The New York Times’ “Living in” real estate feature, which aims to impart a sense of the community to prospective residents, turned its gaze to Dyker Heights last week, calling it a “place that people deeply care for.”
While a significant chunk of the article focused on the famed Dyker Heights lights, it also looked at some of the year-round virtues and even some of its changing traits:
It remains a stable, relatively affordable enclave in a borough that has grown almost too popular for its own good, Ms. Manto said. And although Fort Greene, Downtown Brooklyn and even Bay Ridge next door have become way too pricey for the non-six-figure-salary set, it is her opinion that “when you work for the city, you should be able to live in the city.”
She left a job as a TV ad buyer after the attacks of Sept. 11, 2001, to pursue her dream of teaching. Her husband, following a similar path at that time, became a New York City police officer.
The fact that Dyker Heights is not just another part of hipster Brooklyn makes it all the better, she added. In such areas, cocktail lounges and artisanal boutiques are usually the signal that gentrification lurks just around the corner. “I would say that kind of thing isn’t happening over here,” Ms.

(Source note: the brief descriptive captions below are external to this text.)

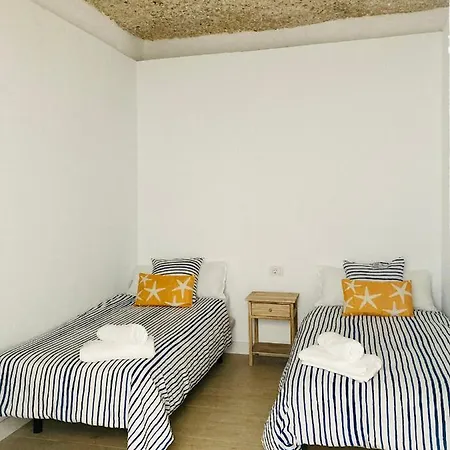 Casa Dora: Tradicional Y Al Borde Del Mar. *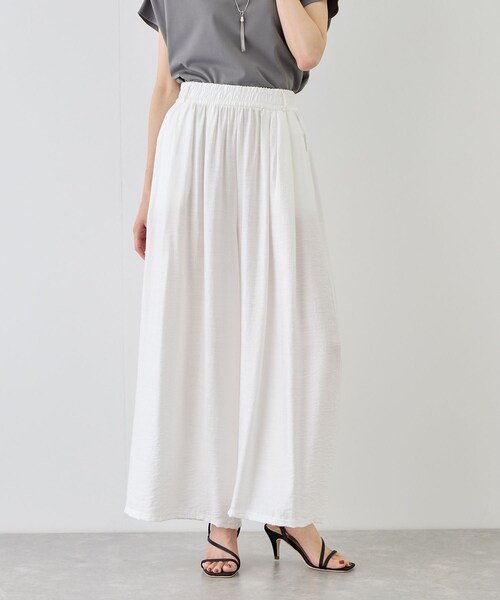 Jayro(ジャイロ)の「フレアワイドパンツ(その他パンツ・レディース・ブラック/グレー/ホワイト系/ベージュ・F)」の22枚目の写真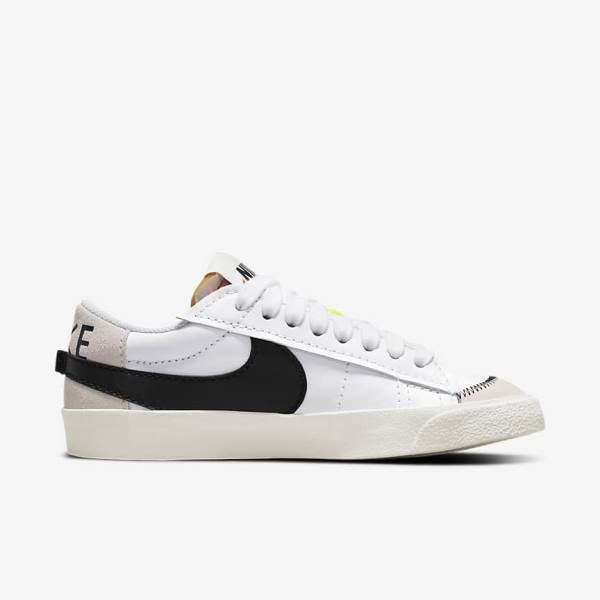 Women's Nike Blazer Low 77 Jumbo Sneakers White / Black | NK457SIL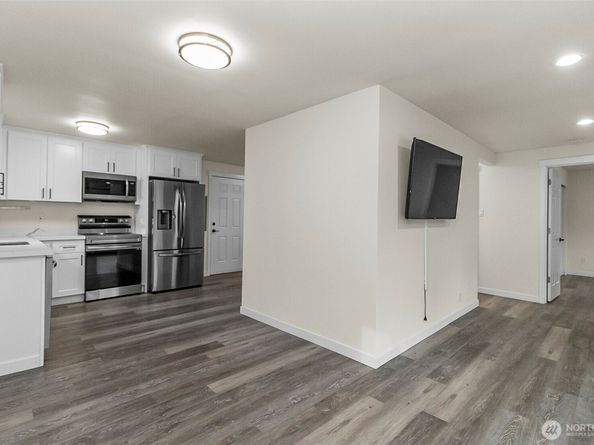 4512 S 3rd Avenue C, Everett WA 98203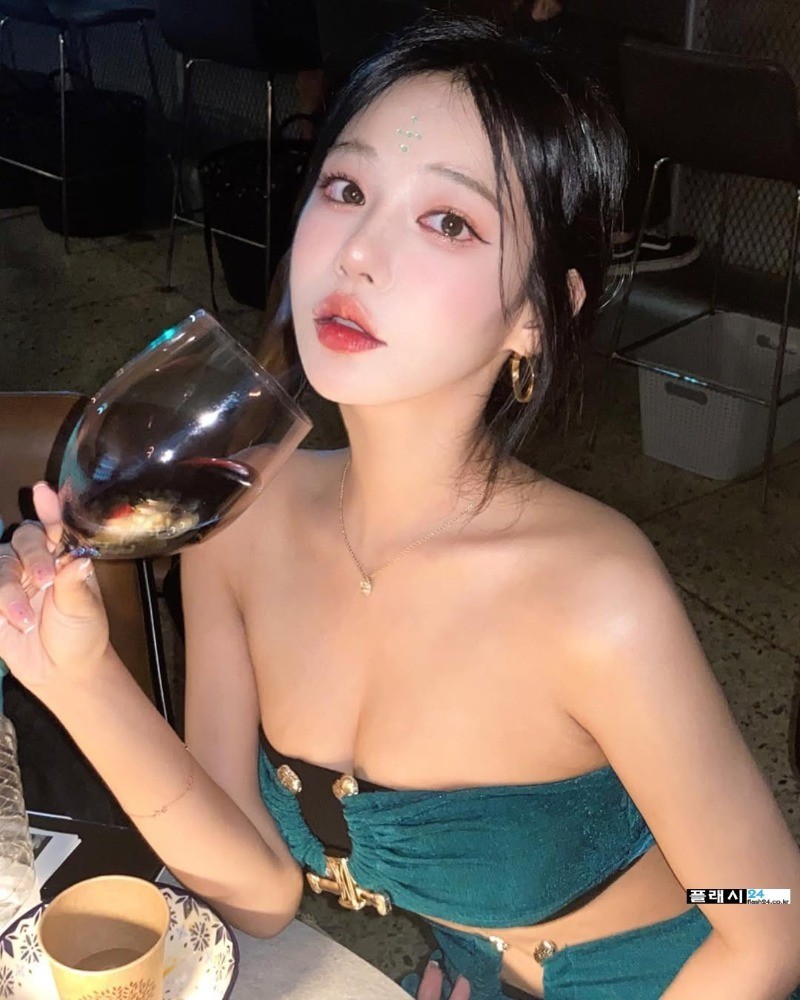 결혼 발표한 BJ 하루 인스타그램-11
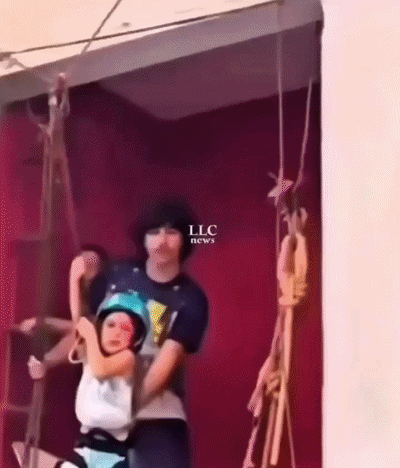 uploaded_6a1a13658323a4.20344753.gif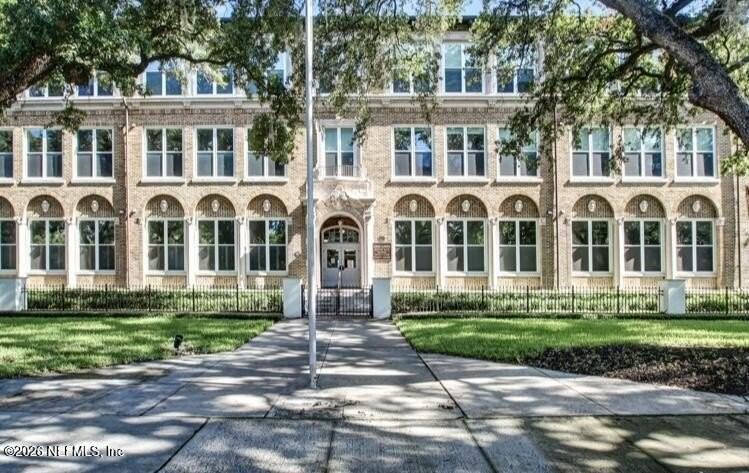 2525 College St #2304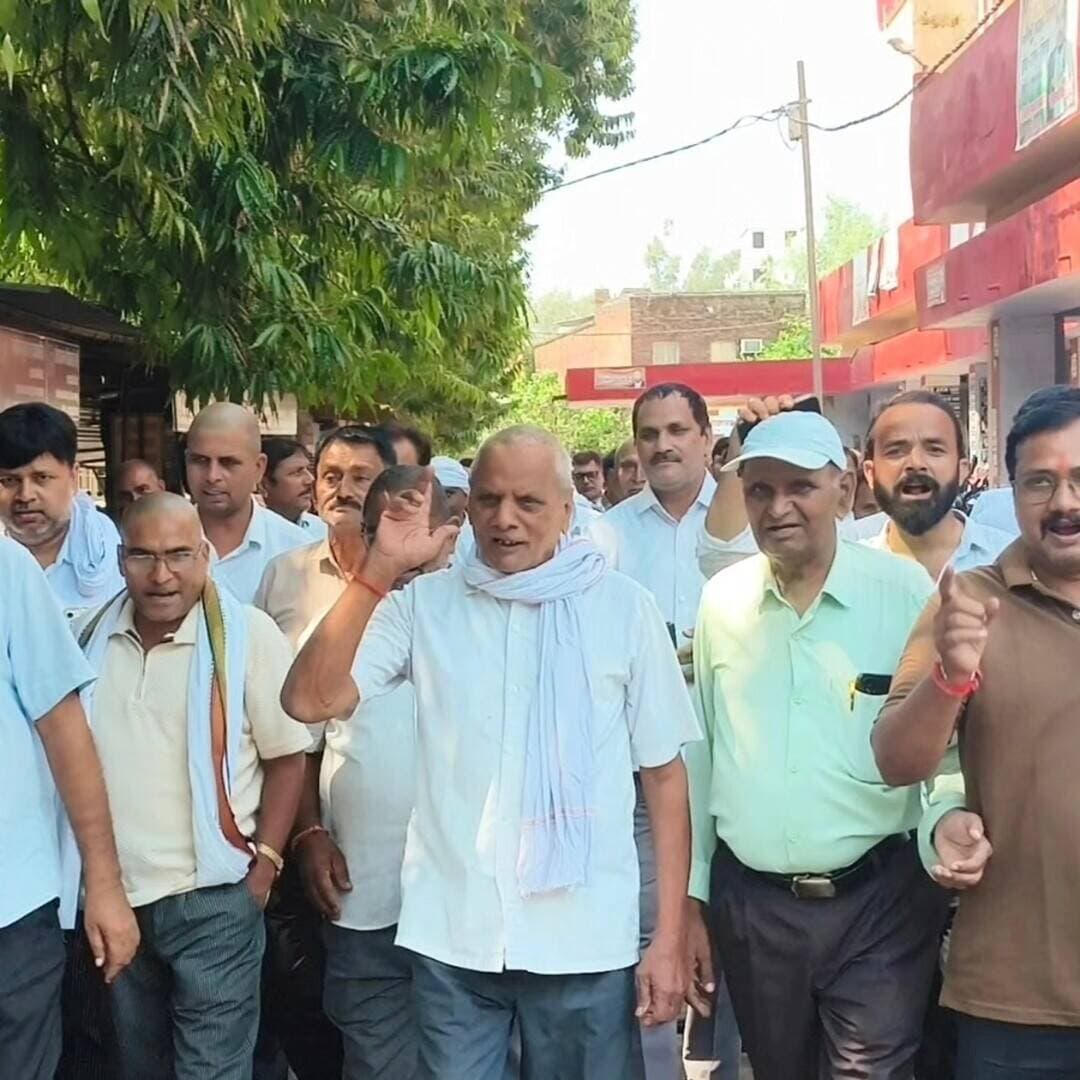 #Balrampur ! #उतरौला में दाखिल-खारिज ऑनलाइन करने के विरोध में वकीलों का प्रदर्शन, श्यामा प्रसाद मुखर्जी चौराहे तक निकाला जुलूस...
#उतरौला (#बलरामपुर)। दाखिल-खारिज (म्यूटेशन) के मुकदमों की प्रक्रिया ऑनलाइन किए जाने के शासन के फैसले के खिलाफ उतरौला तहसील के अधिवक्ताओं का विरोध प्रदर्शन जारी है। बुधवार को अधिवक्ता संघ के नेतृत्व में वकीलों ने तहसील परिसर से श्यामा प्रसाद मुखर्जी चौराहे तक जुलूस निकालकर सरकार विरोधी नारेबाजी की। इस दौरान उप-निबंधक कार्यालय में बैनामा कार्य पूरी तरह ठप रहा।
अधिवक्ता संघ उतरौला के अध्यक्ष प्रहलाद यादव और महामंत्री रवि मिश्रा की अगुवाई में दर्जनों अधिवक्ताओं ने तहसील परिसर से जुलूस निकाला। जुलूस मुख्य मार्ग से होते हुए श्यामा प्रसाद मुखर्जी चौराहे तक पहुंचा, जहां वकीलों ने अपनी मांगों के समर्थन में जमकर नारेबाजी की। जुलूस के दौरान सुरक्षा व्यवस्था बनाए रखने के लिए भारी संख्या में पुलिस बल तैनात रहा। हालांकि, इस प्रदर्शन से आवागमन सामान्य बना रहा और यातायात प्रभावित नहीं हुआ।
उधर, अधिवक्ताओं द्वारा जमीन की रजिस्ट्री के कार्य के बहिष्कार के कारण उप-निबंधक (सब-रजिस्ट्रार) कार्यालय उतरौला में दिनभर सन्नाटा पसरा रहा। एक भी बैनामा न होने से सरकार को लाखों रुपये के राजस्व का नुकसान उठाना पड़ रहा है। अधिवक्ताओं का कहना है कि जब तक उनकी मांगों पर विचार नहीं किया जाता, तब तक आंदोलन जारी रहेगा।
#utraula #balrampur
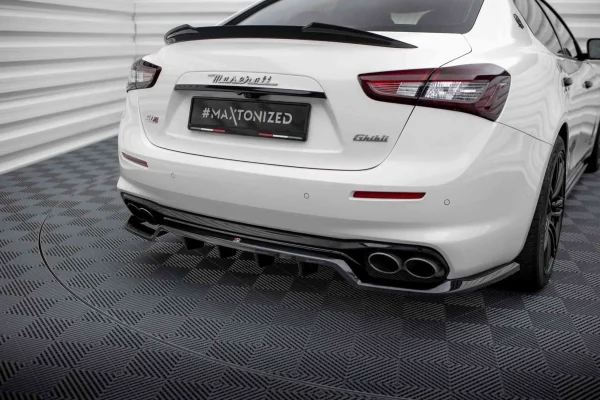 Splitter trasero (con barras verticales) Maserati Ghibli Mk3 Facelift - Imagen 5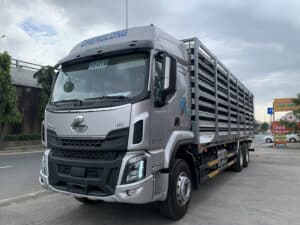 Xe Tải Chenglong H5 3 Chân Thùng Chở Gia Cầm
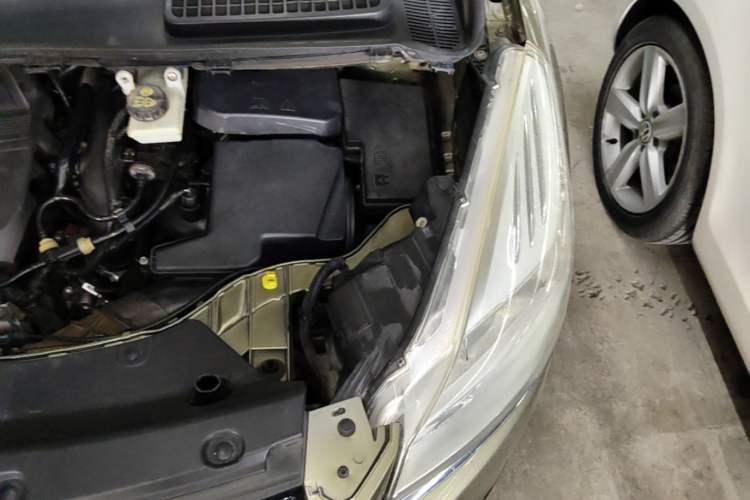 Used Ford Kuga 2015 1.5L GTDi Two-Wheel-Drive Comfort Model Engine Bay Left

Manto said, before catching herself. “I mean, at least not yet.”
So is Dyker Heights getting gentrified? As the home of the upper middle class and homes that “evoke the Mediterranean,” I’d say it’d certainly be a different kind of gentrification that in northern Brooklyn.
Regardless, cue the much deserved gushing over the area’s beautiful homes:
Perched on the slight ridge responsible for the “Heights” part of the name, these homes, which often evoke the Mediterranean, typically sit on roomy, tree-shaded lots measuring 80 by 100 feet. Even in the summer, they can seem lavishly decorated; a waterfall gurgles at a home at 11th Avenue and 83rd Street, surrounded by white goddess-like figures.
Recent home sales in the neighborhood have averaged $956,300, the paper reports. Definitely the kind of real estate steals that spur gentrification, right?